* [DIRECTIONS FOR THIS TASK] In the records below, find each line with the word "shower" and copy it.

Scraped caption text data
★ ★ ★ ★
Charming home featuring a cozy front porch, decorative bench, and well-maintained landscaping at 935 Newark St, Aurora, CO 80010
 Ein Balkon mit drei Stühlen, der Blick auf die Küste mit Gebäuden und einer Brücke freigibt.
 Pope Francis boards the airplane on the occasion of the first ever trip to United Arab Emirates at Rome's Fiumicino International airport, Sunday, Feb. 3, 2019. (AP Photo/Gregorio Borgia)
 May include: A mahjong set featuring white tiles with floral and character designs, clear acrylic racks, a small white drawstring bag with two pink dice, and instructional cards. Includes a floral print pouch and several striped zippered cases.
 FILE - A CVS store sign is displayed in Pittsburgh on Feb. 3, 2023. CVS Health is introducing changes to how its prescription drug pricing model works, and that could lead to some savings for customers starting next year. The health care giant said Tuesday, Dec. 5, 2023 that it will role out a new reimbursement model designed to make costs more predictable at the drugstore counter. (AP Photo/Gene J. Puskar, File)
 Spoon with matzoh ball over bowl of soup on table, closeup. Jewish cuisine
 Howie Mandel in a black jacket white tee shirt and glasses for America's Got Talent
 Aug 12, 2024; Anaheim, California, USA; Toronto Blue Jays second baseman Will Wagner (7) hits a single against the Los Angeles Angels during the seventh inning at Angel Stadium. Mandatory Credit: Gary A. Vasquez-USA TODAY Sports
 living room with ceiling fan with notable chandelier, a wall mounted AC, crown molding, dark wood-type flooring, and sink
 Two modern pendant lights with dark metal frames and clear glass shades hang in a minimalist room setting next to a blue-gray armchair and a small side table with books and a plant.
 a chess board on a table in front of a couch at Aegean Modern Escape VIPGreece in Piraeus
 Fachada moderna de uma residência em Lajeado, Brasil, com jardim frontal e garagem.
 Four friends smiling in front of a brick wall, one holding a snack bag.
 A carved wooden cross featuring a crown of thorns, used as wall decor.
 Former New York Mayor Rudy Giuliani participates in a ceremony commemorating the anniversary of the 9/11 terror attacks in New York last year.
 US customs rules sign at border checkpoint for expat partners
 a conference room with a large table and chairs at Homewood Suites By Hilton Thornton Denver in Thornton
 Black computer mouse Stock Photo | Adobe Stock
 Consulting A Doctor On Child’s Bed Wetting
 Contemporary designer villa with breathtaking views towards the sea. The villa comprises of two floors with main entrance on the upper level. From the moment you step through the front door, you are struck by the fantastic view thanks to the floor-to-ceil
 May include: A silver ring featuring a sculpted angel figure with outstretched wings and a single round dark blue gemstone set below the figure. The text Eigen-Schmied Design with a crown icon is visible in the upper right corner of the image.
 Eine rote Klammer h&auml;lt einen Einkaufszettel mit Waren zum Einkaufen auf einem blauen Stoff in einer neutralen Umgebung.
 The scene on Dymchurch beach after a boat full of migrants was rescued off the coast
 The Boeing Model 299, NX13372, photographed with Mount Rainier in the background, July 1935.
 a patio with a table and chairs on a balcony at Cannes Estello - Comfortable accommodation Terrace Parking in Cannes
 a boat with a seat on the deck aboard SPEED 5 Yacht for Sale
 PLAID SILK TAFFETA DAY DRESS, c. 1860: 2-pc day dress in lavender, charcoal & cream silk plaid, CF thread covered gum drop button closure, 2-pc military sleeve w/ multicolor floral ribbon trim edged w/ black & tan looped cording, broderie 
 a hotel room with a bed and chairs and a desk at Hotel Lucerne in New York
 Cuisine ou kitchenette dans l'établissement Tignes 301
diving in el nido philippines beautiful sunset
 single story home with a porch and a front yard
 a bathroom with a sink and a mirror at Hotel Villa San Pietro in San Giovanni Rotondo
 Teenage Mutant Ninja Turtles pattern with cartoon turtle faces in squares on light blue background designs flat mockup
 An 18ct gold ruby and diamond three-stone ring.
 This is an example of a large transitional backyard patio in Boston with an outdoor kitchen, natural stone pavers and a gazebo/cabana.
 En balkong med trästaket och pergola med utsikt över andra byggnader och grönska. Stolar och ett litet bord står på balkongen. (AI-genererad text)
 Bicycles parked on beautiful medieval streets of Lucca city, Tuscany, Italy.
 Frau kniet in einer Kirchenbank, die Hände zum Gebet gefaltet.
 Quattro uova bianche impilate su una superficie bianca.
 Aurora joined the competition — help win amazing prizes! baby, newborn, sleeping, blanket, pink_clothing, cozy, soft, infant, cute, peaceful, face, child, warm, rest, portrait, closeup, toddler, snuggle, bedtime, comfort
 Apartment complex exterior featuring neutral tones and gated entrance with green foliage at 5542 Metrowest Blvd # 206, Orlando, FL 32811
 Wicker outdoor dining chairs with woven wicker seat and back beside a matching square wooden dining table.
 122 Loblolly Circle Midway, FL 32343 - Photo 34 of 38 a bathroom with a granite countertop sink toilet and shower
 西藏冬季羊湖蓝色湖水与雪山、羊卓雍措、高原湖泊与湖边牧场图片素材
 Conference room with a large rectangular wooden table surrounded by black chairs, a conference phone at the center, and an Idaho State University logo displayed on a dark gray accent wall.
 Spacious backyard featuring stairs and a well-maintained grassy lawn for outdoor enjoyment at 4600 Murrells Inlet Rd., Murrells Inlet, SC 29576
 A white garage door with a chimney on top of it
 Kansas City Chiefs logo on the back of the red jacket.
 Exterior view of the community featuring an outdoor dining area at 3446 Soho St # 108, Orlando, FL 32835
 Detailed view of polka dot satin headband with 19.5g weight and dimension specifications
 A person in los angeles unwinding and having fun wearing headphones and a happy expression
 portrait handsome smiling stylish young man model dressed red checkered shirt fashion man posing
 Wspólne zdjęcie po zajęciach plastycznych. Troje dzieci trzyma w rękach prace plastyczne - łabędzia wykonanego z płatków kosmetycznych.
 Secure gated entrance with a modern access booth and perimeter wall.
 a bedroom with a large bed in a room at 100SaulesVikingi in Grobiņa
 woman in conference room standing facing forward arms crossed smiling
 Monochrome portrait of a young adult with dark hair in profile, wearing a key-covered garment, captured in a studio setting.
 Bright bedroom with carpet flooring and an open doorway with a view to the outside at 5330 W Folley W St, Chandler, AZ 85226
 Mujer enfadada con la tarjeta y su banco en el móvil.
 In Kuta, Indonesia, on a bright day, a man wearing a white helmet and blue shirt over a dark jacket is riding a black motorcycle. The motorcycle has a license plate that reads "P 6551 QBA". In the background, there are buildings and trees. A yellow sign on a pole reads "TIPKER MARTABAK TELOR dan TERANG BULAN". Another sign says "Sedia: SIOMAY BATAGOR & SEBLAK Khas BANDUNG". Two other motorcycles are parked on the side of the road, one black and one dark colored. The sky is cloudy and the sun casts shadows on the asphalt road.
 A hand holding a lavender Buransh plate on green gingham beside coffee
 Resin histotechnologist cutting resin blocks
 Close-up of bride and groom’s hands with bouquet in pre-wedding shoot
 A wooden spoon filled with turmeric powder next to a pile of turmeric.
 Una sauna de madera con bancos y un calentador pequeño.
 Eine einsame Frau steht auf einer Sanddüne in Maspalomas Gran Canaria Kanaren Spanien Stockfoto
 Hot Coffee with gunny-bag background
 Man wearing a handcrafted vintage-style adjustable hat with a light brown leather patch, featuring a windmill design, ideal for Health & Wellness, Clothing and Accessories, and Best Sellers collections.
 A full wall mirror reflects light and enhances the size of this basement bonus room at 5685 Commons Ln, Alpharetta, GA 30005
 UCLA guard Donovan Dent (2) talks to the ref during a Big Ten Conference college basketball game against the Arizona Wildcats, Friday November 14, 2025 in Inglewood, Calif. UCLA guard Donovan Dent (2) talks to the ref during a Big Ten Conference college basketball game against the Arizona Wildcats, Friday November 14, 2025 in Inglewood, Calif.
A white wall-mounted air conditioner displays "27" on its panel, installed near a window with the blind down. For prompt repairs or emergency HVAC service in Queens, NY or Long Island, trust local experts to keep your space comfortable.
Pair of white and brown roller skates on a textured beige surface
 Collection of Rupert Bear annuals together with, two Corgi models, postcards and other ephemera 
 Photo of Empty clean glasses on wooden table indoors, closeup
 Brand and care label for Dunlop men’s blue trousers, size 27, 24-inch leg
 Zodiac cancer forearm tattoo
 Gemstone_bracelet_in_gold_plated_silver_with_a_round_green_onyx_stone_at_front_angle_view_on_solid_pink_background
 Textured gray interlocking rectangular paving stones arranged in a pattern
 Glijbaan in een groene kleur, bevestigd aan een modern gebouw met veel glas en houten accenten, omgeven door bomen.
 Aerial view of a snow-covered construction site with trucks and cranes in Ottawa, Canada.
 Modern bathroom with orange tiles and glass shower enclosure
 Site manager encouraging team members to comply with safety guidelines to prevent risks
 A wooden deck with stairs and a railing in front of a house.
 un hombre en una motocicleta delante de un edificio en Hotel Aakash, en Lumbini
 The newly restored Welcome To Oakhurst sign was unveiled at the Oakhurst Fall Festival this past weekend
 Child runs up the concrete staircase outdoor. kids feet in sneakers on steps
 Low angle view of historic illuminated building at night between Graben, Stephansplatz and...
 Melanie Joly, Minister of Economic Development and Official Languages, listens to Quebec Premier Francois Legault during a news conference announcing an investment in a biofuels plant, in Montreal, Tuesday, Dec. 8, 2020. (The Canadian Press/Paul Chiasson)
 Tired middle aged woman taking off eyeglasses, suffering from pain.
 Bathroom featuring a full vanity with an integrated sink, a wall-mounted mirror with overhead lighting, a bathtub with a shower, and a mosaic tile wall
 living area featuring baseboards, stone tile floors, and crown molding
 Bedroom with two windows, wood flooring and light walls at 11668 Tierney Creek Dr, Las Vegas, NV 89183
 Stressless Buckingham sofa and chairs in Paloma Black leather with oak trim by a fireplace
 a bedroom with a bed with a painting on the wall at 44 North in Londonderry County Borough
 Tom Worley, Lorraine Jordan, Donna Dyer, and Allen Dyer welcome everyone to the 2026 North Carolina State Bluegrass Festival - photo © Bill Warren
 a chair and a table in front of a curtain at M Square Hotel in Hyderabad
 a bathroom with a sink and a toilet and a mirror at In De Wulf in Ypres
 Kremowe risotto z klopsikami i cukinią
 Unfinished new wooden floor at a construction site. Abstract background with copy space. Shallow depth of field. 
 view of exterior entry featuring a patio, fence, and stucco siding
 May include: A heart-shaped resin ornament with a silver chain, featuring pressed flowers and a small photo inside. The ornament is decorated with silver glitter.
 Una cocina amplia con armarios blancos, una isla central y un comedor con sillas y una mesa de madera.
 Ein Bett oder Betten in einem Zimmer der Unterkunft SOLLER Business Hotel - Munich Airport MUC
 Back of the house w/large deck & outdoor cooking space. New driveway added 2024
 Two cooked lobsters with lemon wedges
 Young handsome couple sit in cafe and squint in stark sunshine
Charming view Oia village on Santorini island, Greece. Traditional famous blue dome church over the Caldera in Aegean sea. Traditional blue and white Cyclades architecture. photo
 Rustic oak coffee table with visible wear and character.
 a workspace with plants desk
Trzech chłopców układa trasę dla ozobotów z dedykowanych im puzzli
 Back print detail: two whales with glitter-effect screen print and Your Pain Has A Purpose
★ ★ ★ ★
* [SOLVED EXERCISE]
 122 Loblolly Circle Midway, FL 32343 - Photo 34 of 38 a bathroom with a granite countertop sink toilet and shower
 Modern bathroom with orange tiles and glass shower enclosure
 Bathroom featuring a full vanity with an integrated sink, a wall-mounted mirror with overhead lighting, a bathtub with a shower, and a mosaic tile wall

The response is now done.